Votel said the agreement, which lifted sanctions on Iran in exchange for limits on its nuclear programme feared to be intended to produce atomic bombs, was being “implemented appropriately” but that it has not changed Iran’s behaviour.
Iran, on the other hand, claims that the United States has failed to abide by the terms of the agreement, stating that Washington has yet to lift all the sanctions against Tehran.
However, the US and major international powers are concerned that completely lifting sanctions from Iran immediately will lead to it pouring even more support into destabilising and extremist elements in the Middle East.
The US Congress voted to slap sanctions on Iran in November for its support for the Syrian regime of President Bashar Al-Assad, with Republican Congressman Eliot Engel saying: “If you’re acting as a lifeline to the Assad regime, you risk getting caught up in the net of our sanctions.”

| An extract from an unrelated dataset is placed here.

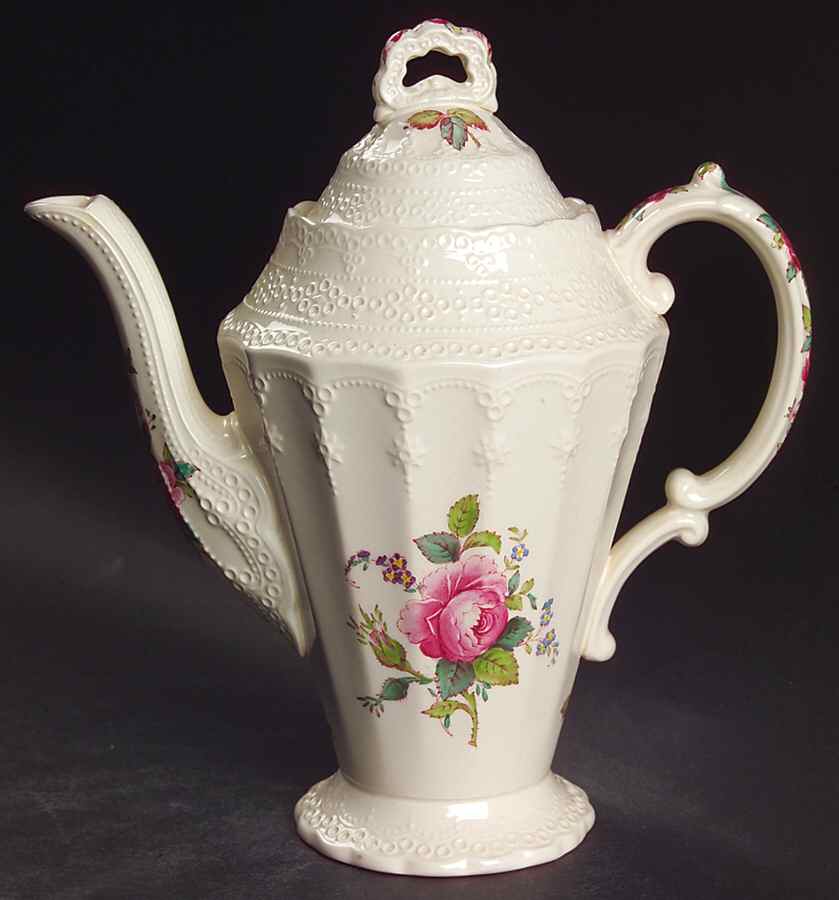 Billingsley Rose Pink (Old Backstamp) Mini Coffee Pot & Lid by Spode-1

US expresses concern over negative Iranian influence
Speaking during a forum hosted by the conservative Foreign Policy Initiative think tank yesterday, General Votel appeared to echo these fears, stating: “I am concerned about continued malign activities of Iran across the region.”
The activities concerning the senior US commander included offensive Iranian cyber activities, the use of proxies and Shia militant organisations, the facilitation of lethal aid to these groups as well as the Assad regime and also Iranian aggression in the Arabian Gulf.

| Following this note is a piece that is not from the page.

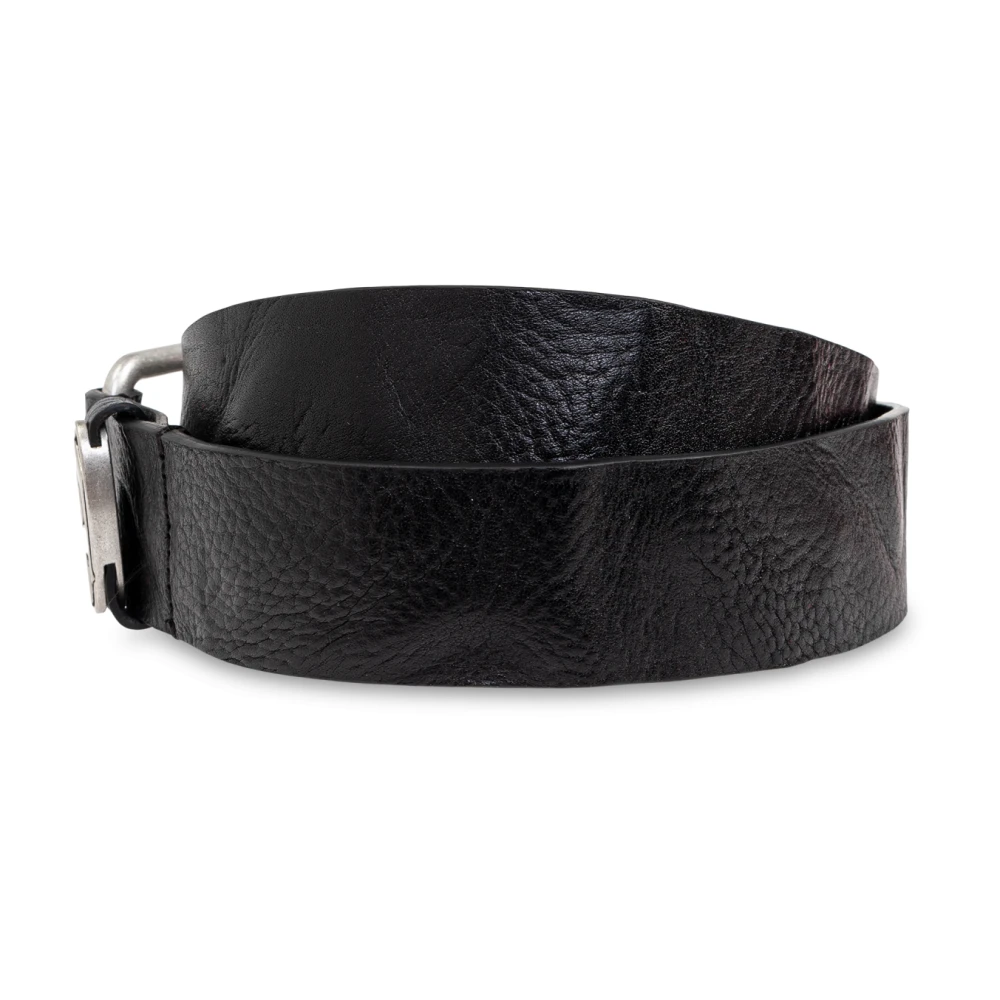 Diesel Riem Ovaal D Logo B-1Dr Black Heren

An Iranian naval vessel belonging to the Islamic Revolutionary Guard Corps (IRGC) trained a weapon at a US Navy helicopter last Saturday in the Arabian Gulf.

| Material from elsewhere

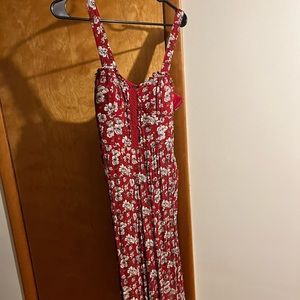 American Eagle red romper. Worn for a few hours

Votel also expressed that he had severe misgivings over the Iraqi government’s decision to legalise and formalise the Iran-backed, Shia-dominated paramilitary Popular Mobilisation Forces as a separate and independent military force separate to the regular army.
“It will increase obvious Shia – potentially Iranian – influence over the government of Iraq and we have to be concerned about it,” Votel commented.
Iraq is widely considered to be dominated and controlled by Iranian influence, as many of its senior politicians lived under Tehran’s protection while former president Saddam Hussein was in power, only to assume all of the country’s top jobs when he was toppled by a US-led coalition in 2003.